Hidden immutability

I thought that a val of an immutable type is always safely immutable, but it’s not. Try the code below:

    object A {
      var a:Int = 1
      def get = a
    }

    val map1 = Map("a" -> A)
    val map2:Map[String,Int] = map1.mapValues(_.get)
    val map3:Map[String,Int] = map1.map{ case (k,v) => (k,v.get) }.toMap

    println(s"${map2("a")} =?= ${map3("a")}")
    A.a = 2
    println(s"${map2("a")} =?= ${map3("a")}")

map2 and map3 are both vals of type Map[String,Int], with Map = scala.collection.immutable.Map. String and Int are immutable. Though map2 behaves mutable, due to the lazy behavior of .mapValues on Map.

Is this a feature, a trick, a trap or a bug in the language?

1 Like

Note A.a = 2 is not the output of the println above, but an assignment.
The output of the code is:

1 =?= 1
2 =?= 1

I’d say that it is simply a fact of life in a language that is partially OO.

Basically, you’ve just illustrated why var fields are generally dangerous. They’re absolutely normal, even idiomatic, in most object-oriented languages (and remember, Scala is a hybrid of OO and FP techniques), and they are occasionally useful. But they should only be used with considerable care, because (as you show above), it is easy for them to result in code that is difficult to reason about. I generally only use var fields in a few specific circumstances, when there is reason to believe the risk is contained.

I suppose you could call it a “trap”, in that it’s something to be quite careful with. But it’s absolutely intentional, and a point that I bring up pretty early when I’m teaching Scala.

You should think of map2 as a view on map1. The confusing thing is that its type is just a Map like map1. This is now fixed in Scala 2.13

This would have tripped me as I never realized that mapValues is indeed a view. The documentation is clear, though: a map view which maps every key of this map to f(this(key)). The resulting map wraps the original map without copying any elements.
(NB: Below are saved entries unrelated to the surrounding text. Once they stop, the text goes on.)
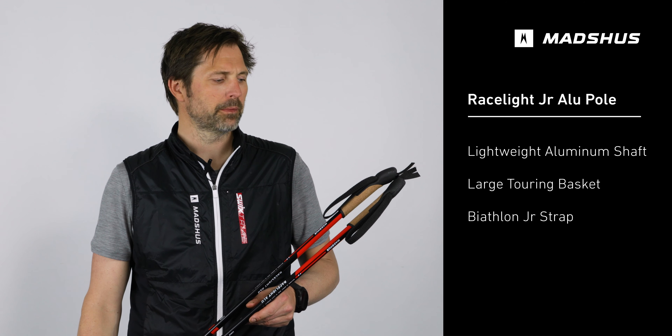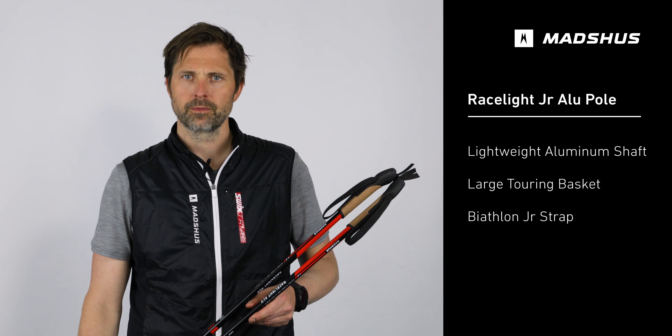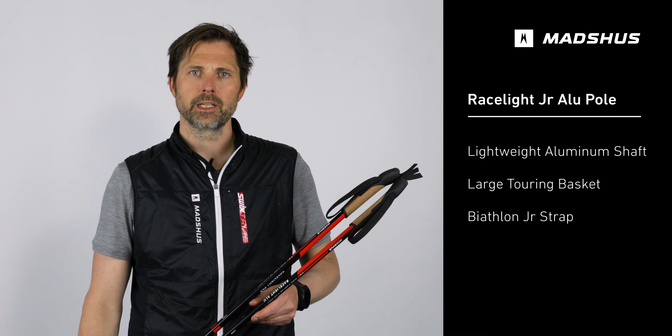The shaft is made of lightweight aluminium, with good durability for the up-and-coming skiers who want a light and durable ski pole.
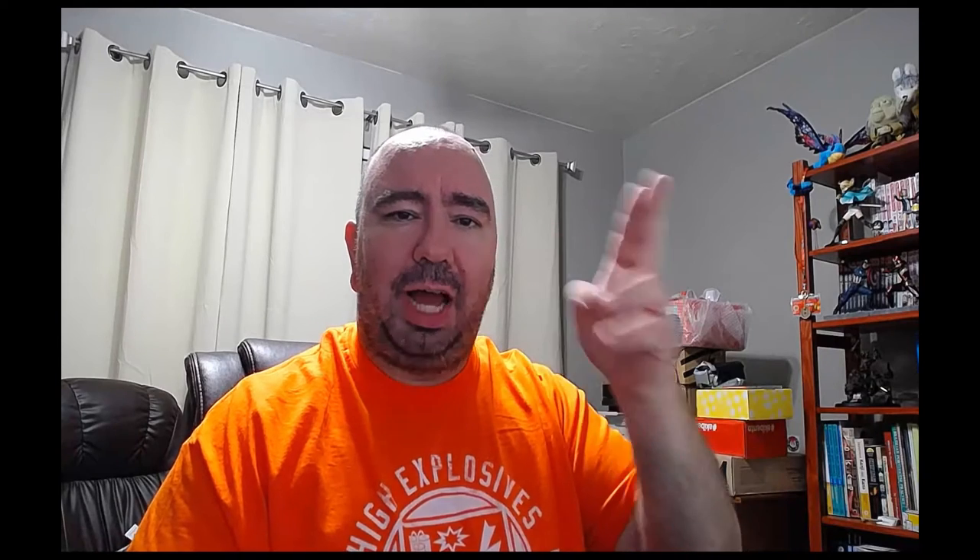Thank you for watching. Please like this video, comment below, and subscribe so you can see more of my videos — more let's plays coming up, more unboxings, more cooking. Lots more cooking to come, whether it be WoW or Beyond the Cookbook segments. Thank you for being with me tonight. Ciao.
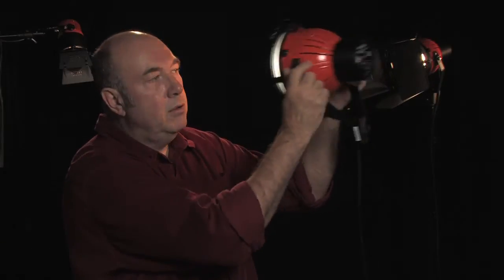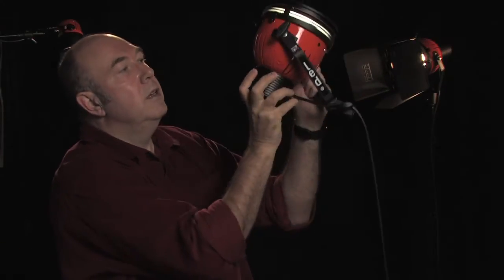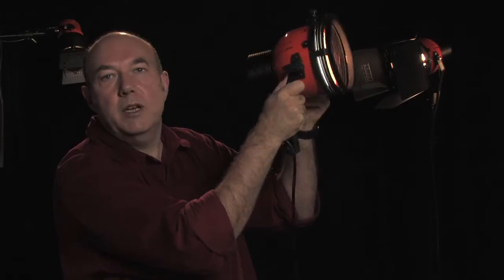Secondly, they're cool. They don't cook the talent and you can use them without turning the location into an oven. They're stable — you can shake them, and if you're a little bit over enthusiastic when you move them, you're not worried that you're going to blow the bulb.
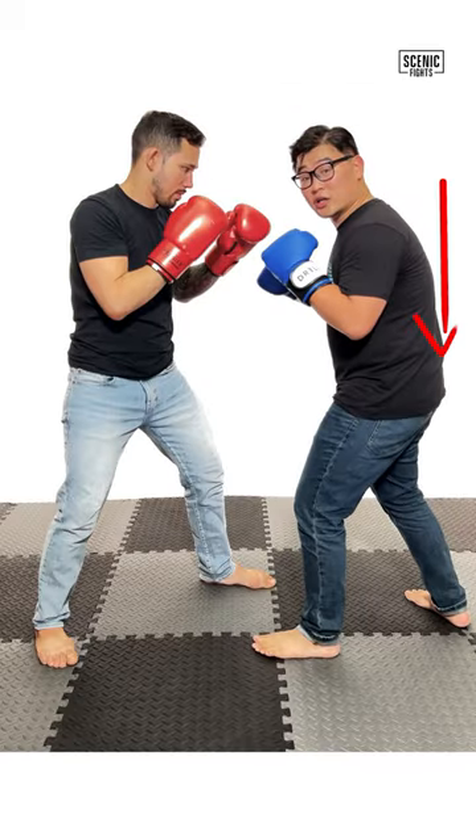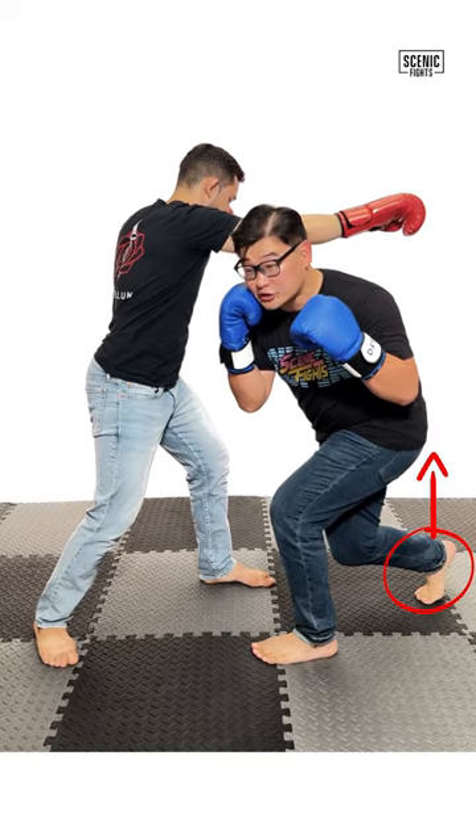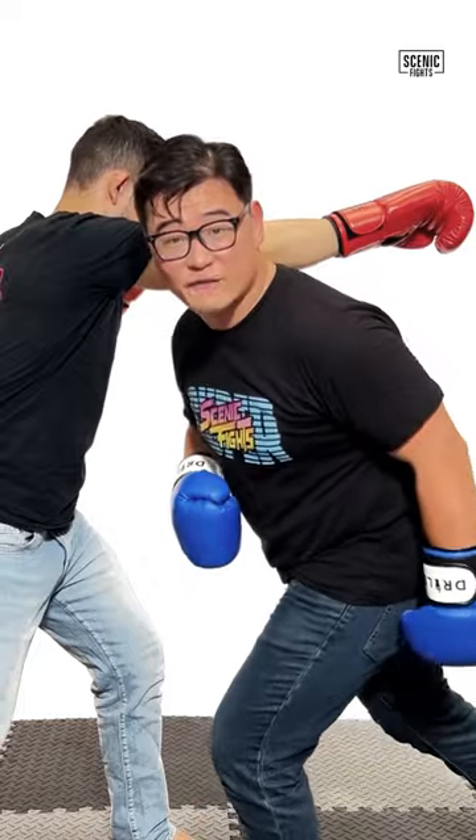Here's how to do it. You want to lower your level by pivoting on your rear foot, raising your heel as if you slipped a punch, and you're going to rotate your hip and throw that left hook to the body. Now let's see that at full speed.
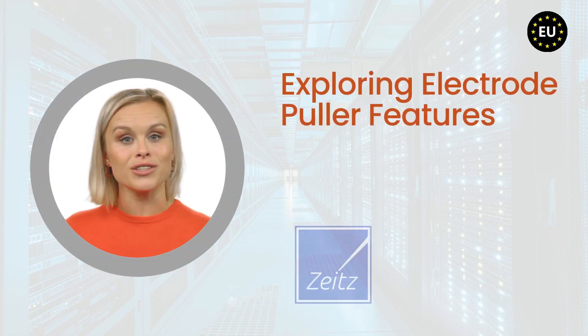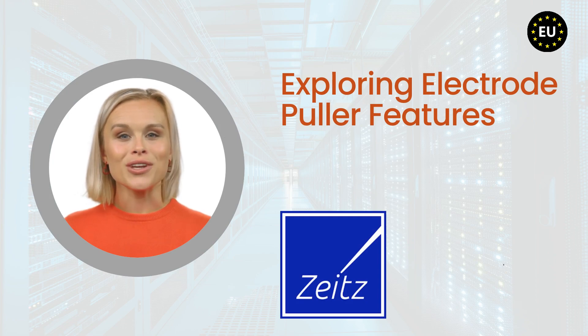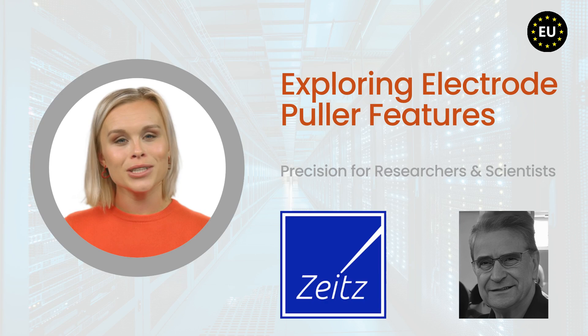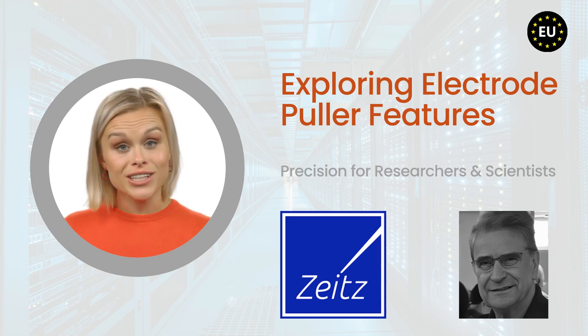Welcome to our video exploring advanced features of our electrode puller, made in Germany. This DMZ puller is designed for precision and reliability, making it ideal for researchers and scientists in universities and biotechnology fields, developed by Werner Sitz at the Technical University of Munich.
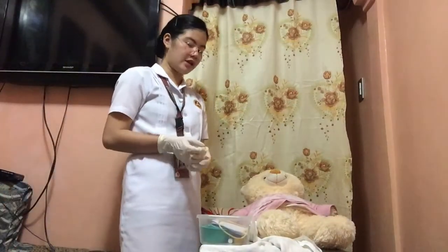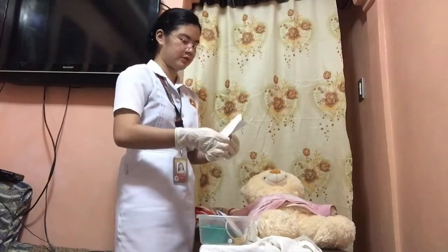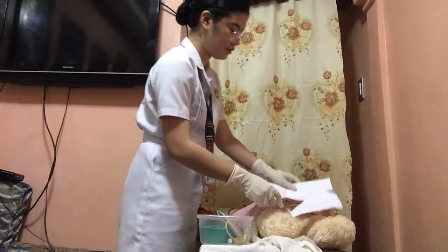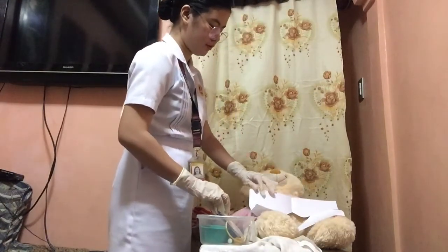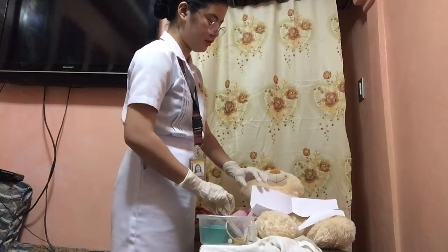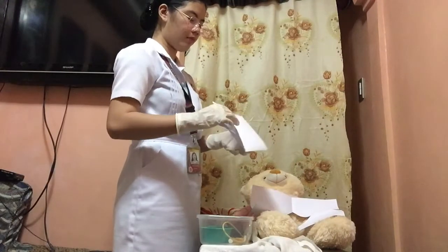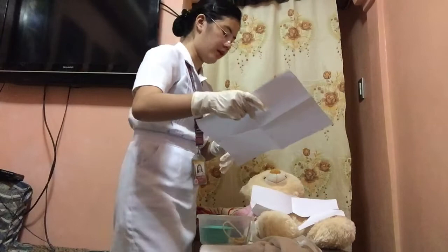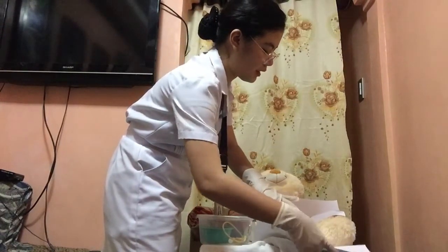And then next, place the fenestrated sterile drape over the perineal area. And then place the drape above the patient's thigh.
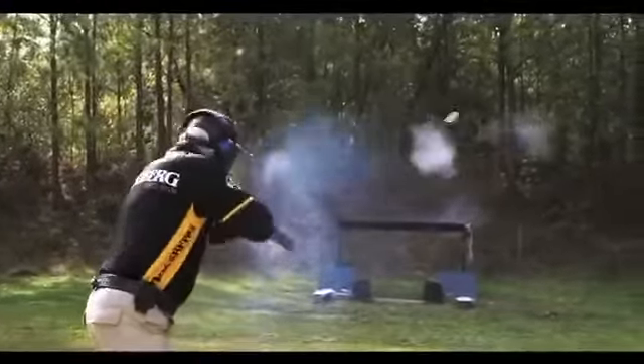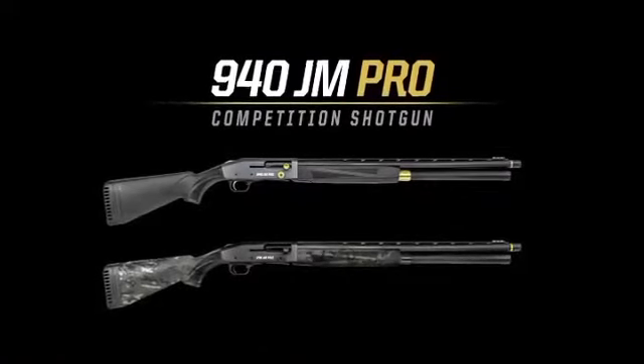The all-new Mossberg 940JM Pro — custom shot performance straight out of the box, and the fastest path to the podium.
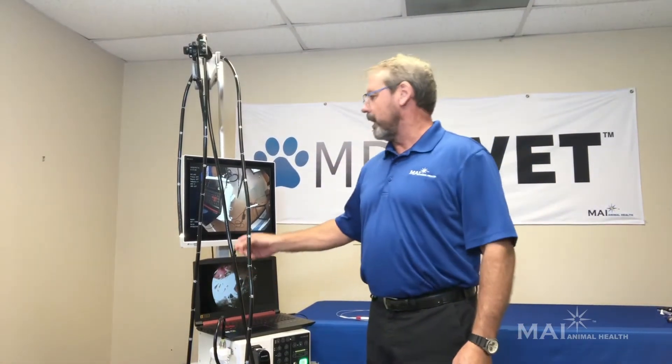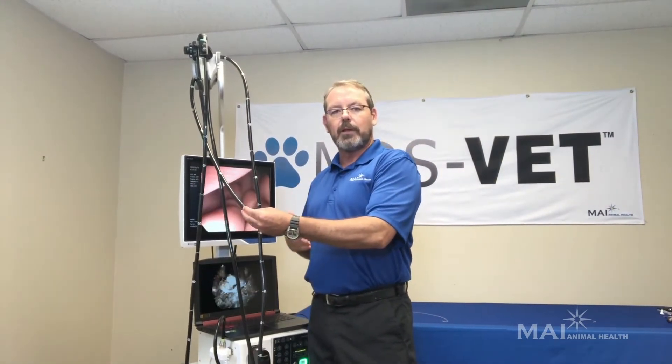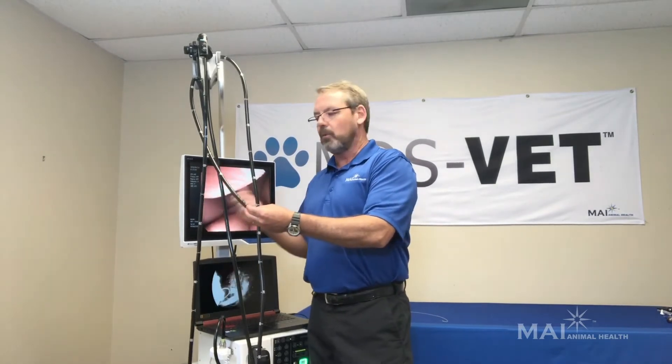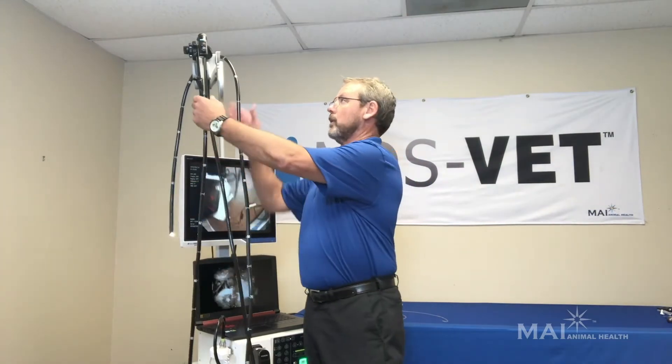This particular model I have here is our equine gastroscope. We also have small animal scopes ranging anywhere from 6 millimeter diameter up to 9.2 millimeter diameter, with biopsy port sizes going from 2 millimeter up to 3.7 millimeter on this particular scope.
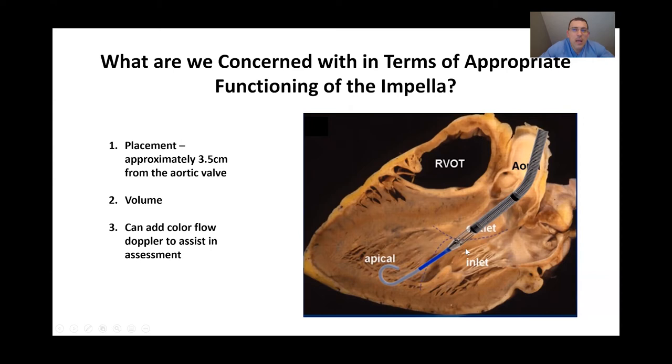Another important consideration beyond placement is ensuring your patient is euvolemic. If the patient is hypovolemic, the left ventricle may not be filling, and the inlet area could get sucked up against a wall. In some cases, when using calipers to confirm the inlet is within 3.5 centimeters of the aortic valve is difficult, you can apply color flow Doppler. What you want to see is that blood exiting the outlet area does not flow back into the left ventricle if you have a competent aortic valve — putting color flow Doppler on in the proximal aorta region can be helpful.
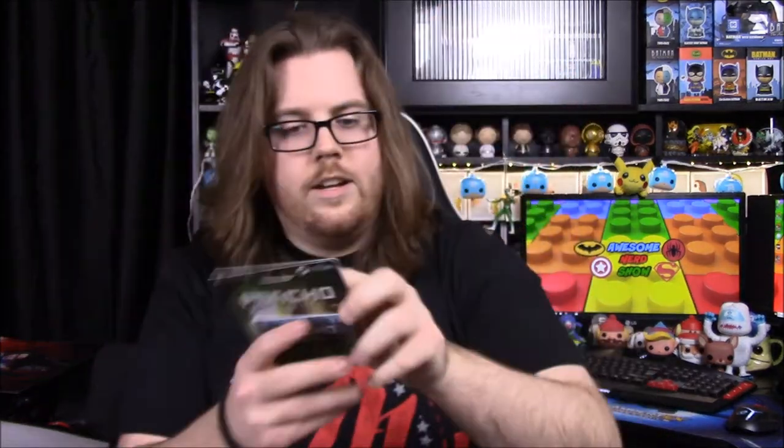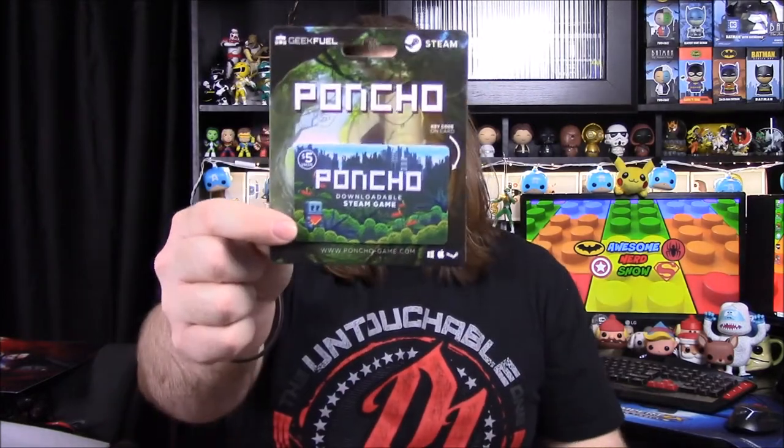Then next up we have our game — our Steam game. And it is Poncho. I don't know anything about it, but it says: 'A robot, a poncho, and a journey of discovery. Make your way through this wonderful world of pixelated parallax platforming to solve the ultimate puzzle. Who is Poncho?' So there's the game there.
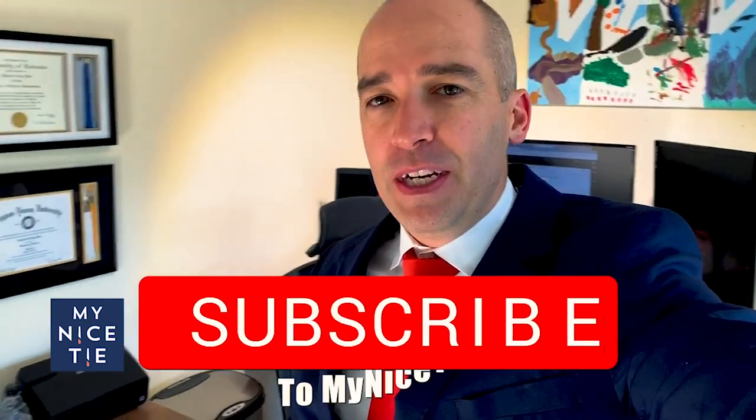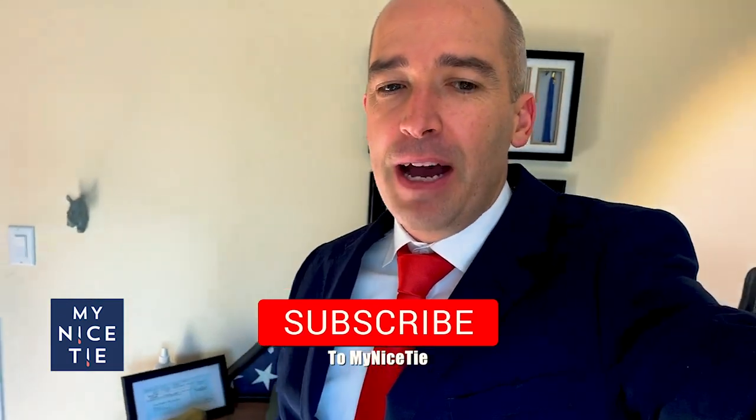That was ordering my first suit from MatchU. Again, this video was sponsored by MatchU. I'm super excited to do the unboxing in a couple weeks. I hope you learned something — check out the link in the description below. Go to MatchU, check out their stuff, and that will help them sponsor more videos so we can bring you more free content and help you continue to look your best. We'll be coming out with more videos in the future. This is Ben signing out.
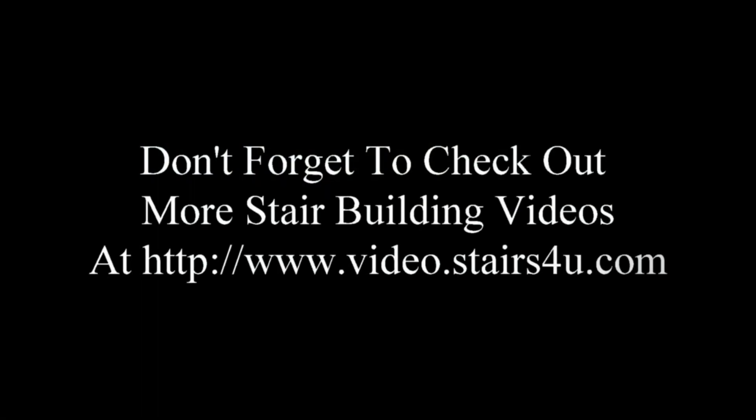Don't forget to check out more stair building videos at this link. The link can also be found at the website — in the top section on almost every page on the video button. Click on that for a complete, organized list. The list is updated every once in a while, so don't be surprised if some of the newer videos are not on it, but it's there to make it easier for you to find videos you're looking for.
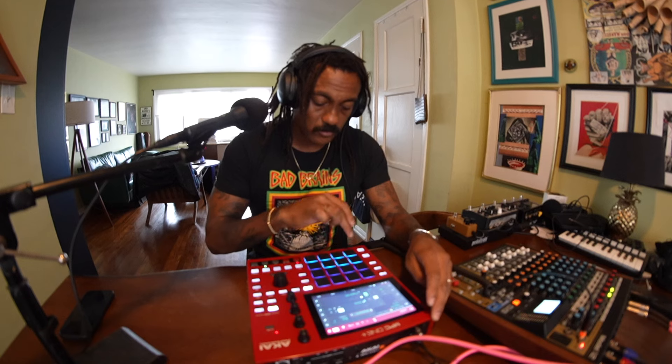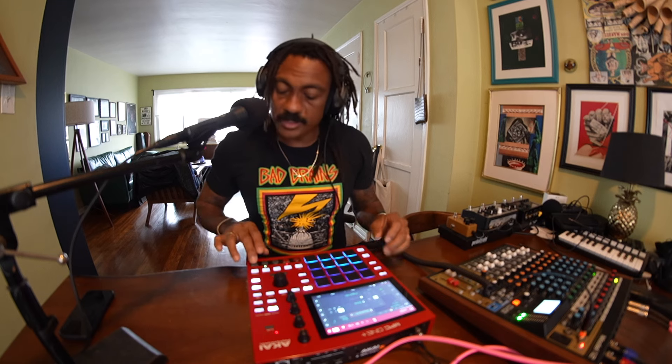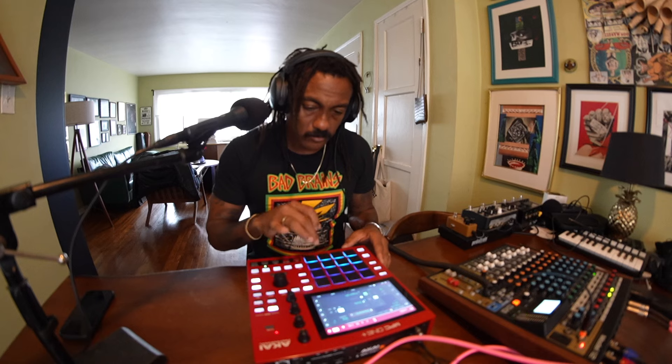Before I actually get rid of it, if I do end up getting rid of it — but let's get into it. Let's overdub something. Cool, let's overdub again, or let me play through it first. Let's do it.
Sounds good. I can live with the behaviour difference between map2 and map3 and with reasoning over it as a view, but I expect the type system to express this, showing the difference between the two.

Agree. It’s fixed in Scala 2.13:

scala 2.13.0-M5> Map(1 -> "foo").mapValues(s => "bar")
                                 ^
                 warning: method mapValues in trait MapOps is deprecated (since 2.13.0): Use .view.mapValues(f). A future version will include a strict version of this method (for now, .view.mapValues(f).toMap).